Friedensverhandlungen in Deutschland

Mauss in Mainz

Still und leise ist der skandalerprobte Privat- und Staatsagent Werner Mauss aus Kolumbien heimgekehrt in sein Landhaus im Hunsrück. Eineinhalb Jahre hat die kolumbianische Justiz gegen ihn und seine Frau ermittelt - trotz zahlreicher Indizien nur mit mageren Ergebnissen. Hat er nun Millionenlösegelder für die Guerilla erpreßt oder nicht? Am Ende stand die Einstellung des Verfahrens: Die Generalstaatsanwaltschaft hatte Mauss freigesprochen.

Nun könnte er das Agententelefon ein für alle mal abschalten und sich ganz seinen Pferden widmen. Aber dann wäre er nicht Werner Mauss.
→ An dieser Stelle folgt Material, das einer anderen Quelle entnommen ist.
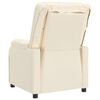 vidaXL Fauteuil de massage Crème Similicuir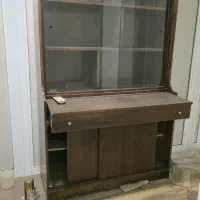 کتابخانه قدیمی چوب گردو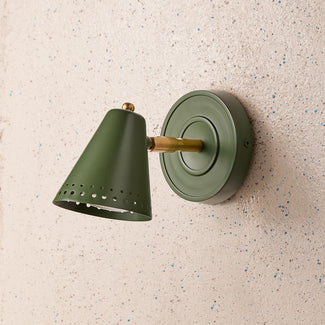 Brandy wall sconce in Moss by the Novogratz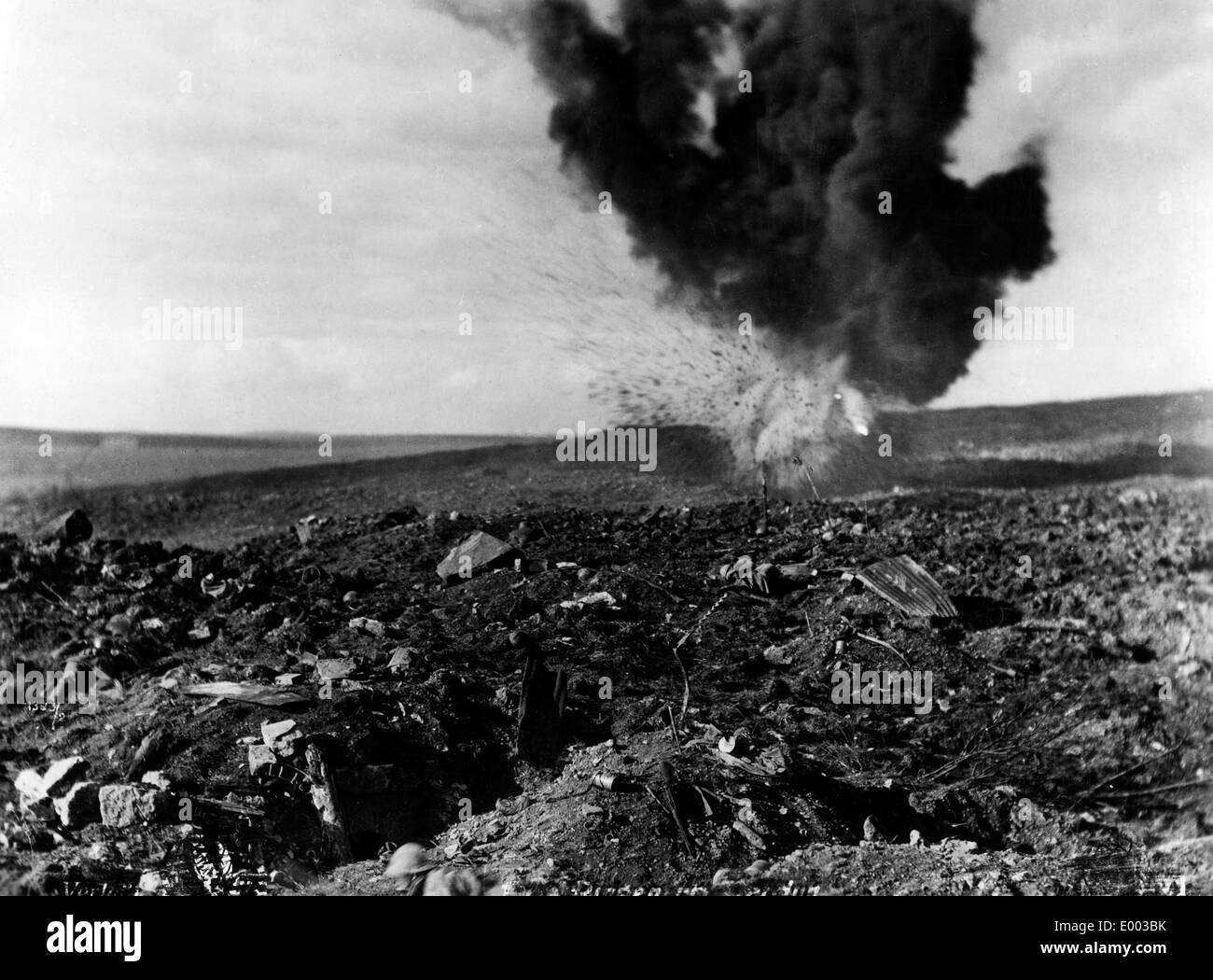Battlefield near Verdun, 1916 Stock Photo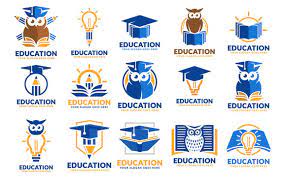 1000's of education logo ideas to choose 1000's of education logo design ideas to choose from. Set Of Education Logo Design Templates Educational Logo Design Template Pack Stock Vektorgrafik Adobe Stock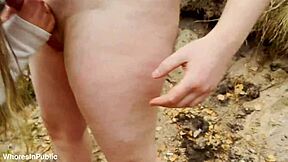 this busty flexible european girl with cute face and long hair gets picked up for her first time rough public sex. she rides cowgirl outdoors, takes deepthroat, and swallows cumshot in mouthful.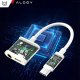 Adapter USB-C do Mini Jack 3.5mm i USB-C Kabel AUX Alogy do Apple iPhone USB-C Biały 6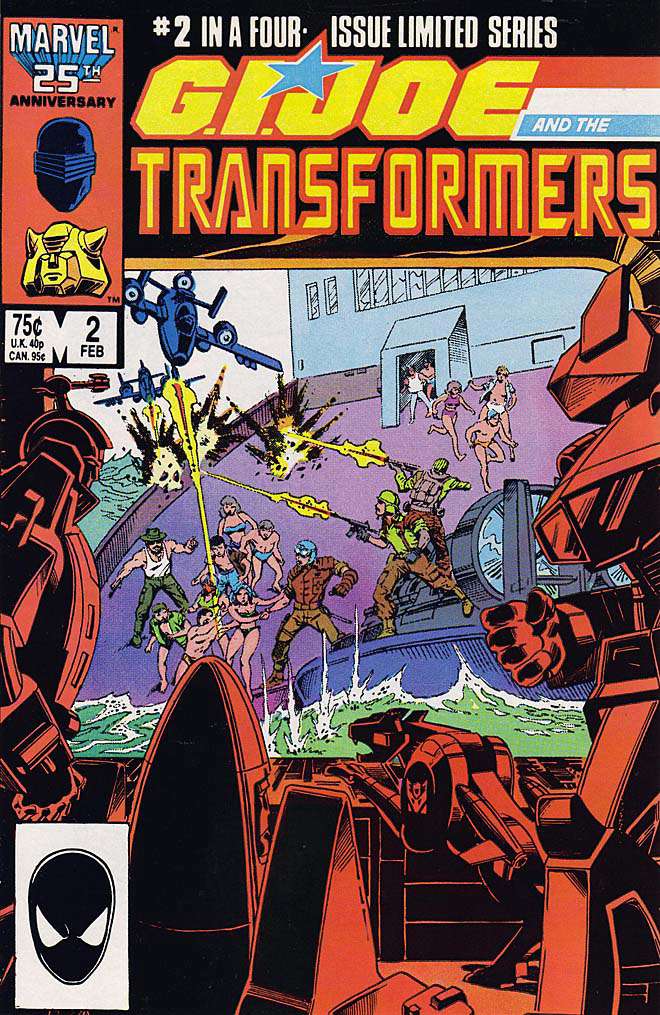 G.I. Joe and the Transformers #2 Very Fine to Near Mint, Comic Book, Back Issue, buy comic books online, online comic book store canada, sell comic books, online, comic websites, comic store,  vintige comic books, comic book store guelph, comic book store, comic book store near me, Long Box Silver's Comics 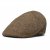 Gubbkeps / Flat cap - Gårda Tallone Linen Flat Cap (brun)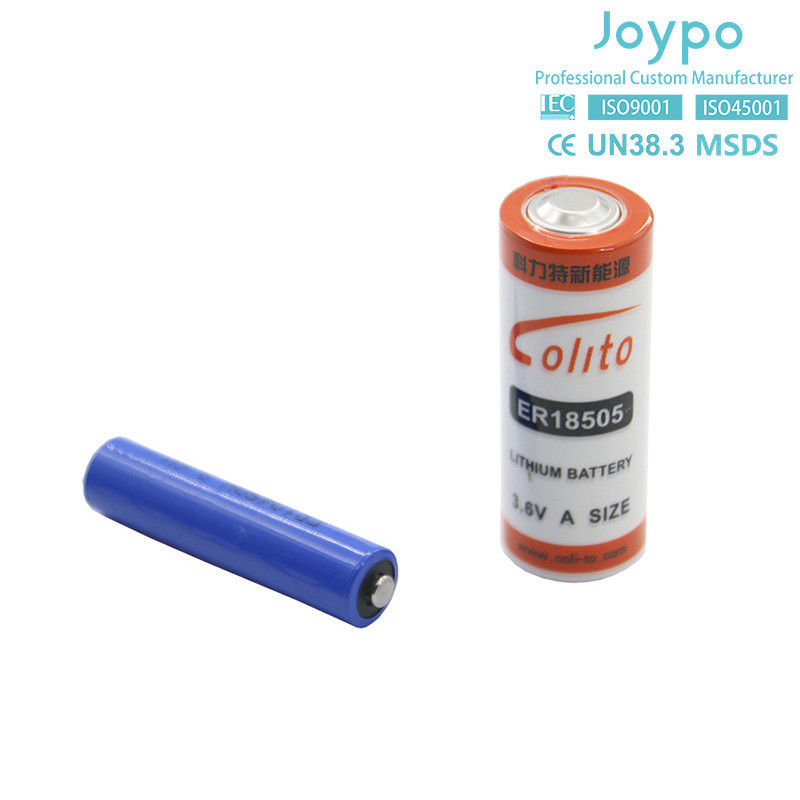 ER18505 เซลล์แบตเตอรี่ลิธีียมหลัก 3.6V 4000mAh A Size Bobbin Cell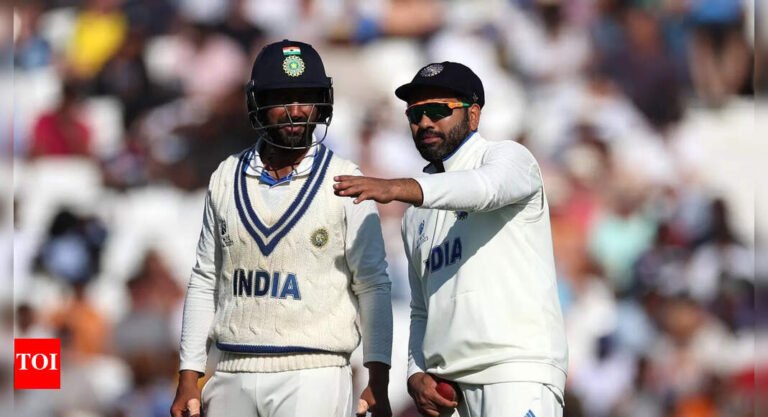 “You are using a stupid point!”: Rohit Sharma and Cheteshwar Pujara are again experiencing friendly field struggles when starting the book – watch | Cricket messages – Times of India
Ihm geht es jetzt darum, an seiner Legende weiterzuspinnen und so sein klandestines Lebenswerk mit öffentlichem Heldenadel zu beschließen. Der erste Schritt ist getan: In Mainz trafen sich Ende Juni Guerilleros der ELN mit Vertretern der kolumbianischen Zivilgesellschaft, um über Frieden in dem Bürgerkriegsland zu sprechen. Eingeladen hatte die deutsche und die kolumbianische Bischofskonferenz. Und mittendrin: Werner und Ida Mauss.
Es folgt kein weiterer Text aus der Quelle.